Stallings took the Alabama job for the 1990 season and brought Moore with him. When Stallings retired after the 1996 season, Moore was again passed over for the job of head coach. Three years later, in 1999 he was promoted from a position he had taken within the athletic department and named Athletic Director.

Moore presided over two different periods of probation for violations of NCAA rules. The first probation was severe and the football team suffered on the field. Moore also had to deal with sex scandals involving two head football coaches. He guided the Tide through those troubled times and in January 2007 he hit the jackpot when he convinced Nick Saban to take over the football program.

Moore also guided two expansions of the team’s football stadium, which today seats over 101,000. He also oversaw significant upgrades to the school’s basketball arena and major additions to the football training facility. New facilities were built for tennis and soccer and the track and baseball stadiums received upgrades. Moore is credited with raising about $220 million during his tenure. The school’s athletic department budget grew from $31 million to more than $100 million during his reign.
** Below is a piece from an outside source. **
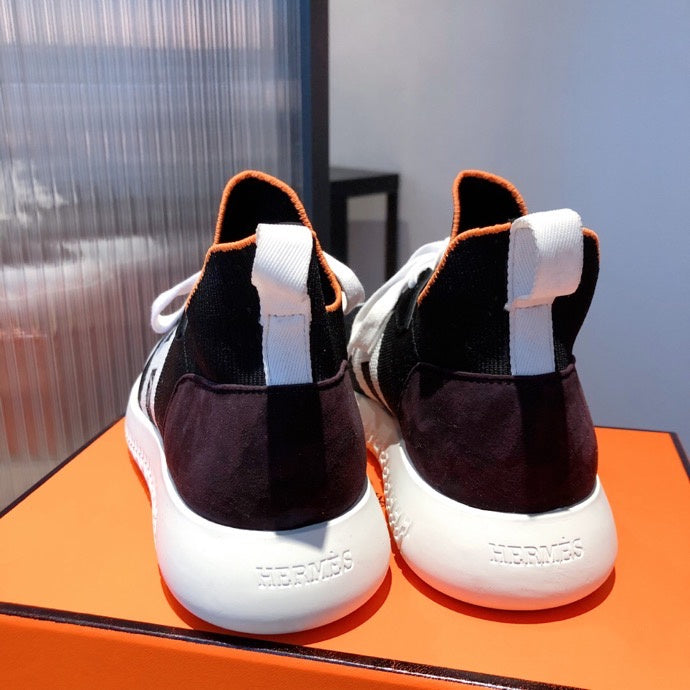 Hermès Burgundy Chunky Platform Sneakers - Angled View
Men’s basketball has not enjoyed the success it achieved in the 1970s and 1980s. The women’s basketball team has ranked as one of the poorest in the Southeastern Conference. Baseball achieved a great deal of success in the late 1990s but has slipped in recent years. Both men’s and women’s track teams have been among conference also-rans in the past 10 years. Gymnastics and men’s and women’s golf teams have flourished.
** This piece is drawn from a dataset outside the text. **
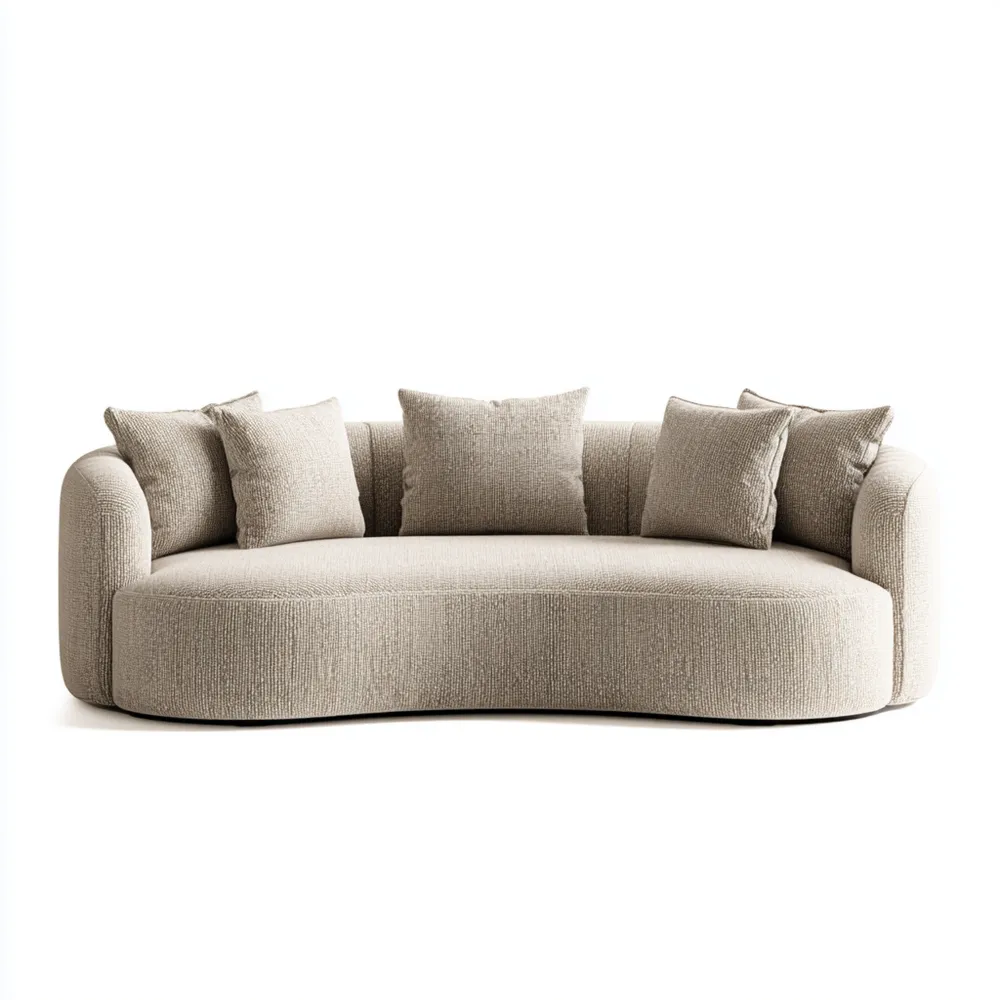 Divano a tre posti 220x95x85 cm in Tessuto – Beige – Design Moderno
Moore spent nearly 50 years at Alabama as a player, coach and administrator. That is almost unheard of in the modern world of college athletics. He took heat for some of his hires—Mike Price and Mike Shula in football and Stephanie Smith in women’s basketball are three that come to mind. Moore was a part of 10 national championships in football, two in women’s gymnastics, one in women’s golf and one in women’s softball. The school’s practice facility for football bears his name.

Moore’s resignation for health reasons marks the end of an era in college athletics. For many years athletic directors tended to come from the ranks of coaching. In today’s world of mega-dollar athletic budgets most schools have started to hire people with a business and management background. Moore successfully bridged that divide. But he may be the last of a breed.
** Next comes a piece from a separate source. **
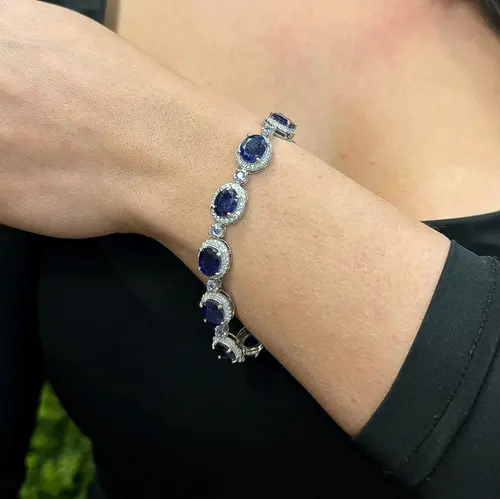 Pulseira de Prata com Cristais, Safiras e Tanzanitas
It is true that his successor, Bill Battle, played football for Bryant at Alabama and coached football at Tennessee. Battle, however, achieved his greatest success as a businessman who founded and eventually sold the nation’s largest company that licenses trademarked items for college and university athletic departments. Battle sold his company about six years ago for more than $140 million.

It is always important to mark the end of eras in history. The retirement of Mal Moore marks one of those times.

Battle is 71 years old and inked a four-year contract to lead the athletic department at UA. He is unlikely to serve beyond that. Battle’s successor is likely to be someone with much more of a business than an athletic background. Marketing and finance are subjects that have replaced knowledge of sport X’s and O’s as job requirements to run athletic departments.

We should all pause and pay homage to the passing of an era. The business of college athletics is now mostly a business. Job well done, Mal Moore.

Greg Tyler is the Library Director at the United States Sports Academy. He has also taught courses at the Academy in sports law. He worked for years in youth sports as a coach, league administrator and as a soccer referee. He has a law degree and practiced law for a number of years. You can reach him at gtyler@ussa.edu.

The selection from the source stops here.